▸ **PROBLEM DESCRIPTION**:
What number of lines in the material contain the word "Food"? Give that number alone.

▸ **EXERCISE MATERIALS**:
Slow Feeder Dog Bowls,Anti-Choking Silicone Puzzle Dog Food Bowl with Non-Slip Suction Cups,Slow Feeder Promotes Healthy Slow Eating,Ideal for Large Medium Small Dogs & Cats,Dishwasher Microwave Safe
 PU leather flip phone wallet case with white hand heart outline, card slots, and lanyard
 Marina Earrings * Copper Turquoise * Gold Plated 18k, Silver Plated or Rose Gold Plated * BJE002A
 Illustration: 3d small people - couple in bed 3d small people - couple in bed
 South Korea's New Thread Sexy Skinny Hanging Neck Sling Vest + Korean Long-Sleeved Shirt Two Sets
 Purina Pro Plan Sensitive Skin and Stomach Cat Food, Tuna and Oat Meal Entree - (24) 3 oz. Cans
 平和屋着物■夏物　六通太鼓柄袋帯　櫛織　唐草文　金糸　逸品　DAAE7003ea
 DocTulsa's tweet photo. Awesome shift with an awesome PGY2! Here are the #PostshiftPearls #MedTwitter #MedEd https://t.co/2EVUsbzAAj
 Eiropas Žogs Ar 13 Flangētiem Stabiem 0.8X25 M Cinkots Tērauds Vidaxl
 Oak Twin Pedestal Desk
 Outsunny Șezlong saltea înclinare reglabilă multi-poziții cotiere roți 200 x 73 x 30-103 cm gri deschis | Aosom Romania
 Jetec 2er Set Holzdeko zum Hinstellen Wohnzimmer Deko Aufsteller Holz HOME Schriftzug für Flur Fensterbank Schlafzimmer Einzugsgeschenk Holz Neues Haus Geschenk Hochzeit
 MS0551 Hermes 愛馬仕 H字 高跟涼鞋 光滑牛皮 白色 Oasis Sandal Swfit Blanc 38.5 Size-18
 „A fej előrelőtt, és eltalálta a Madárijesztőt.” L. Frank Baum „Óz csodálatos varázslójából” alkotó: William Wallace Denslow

▸ **REPLY TO THE TASK**:
2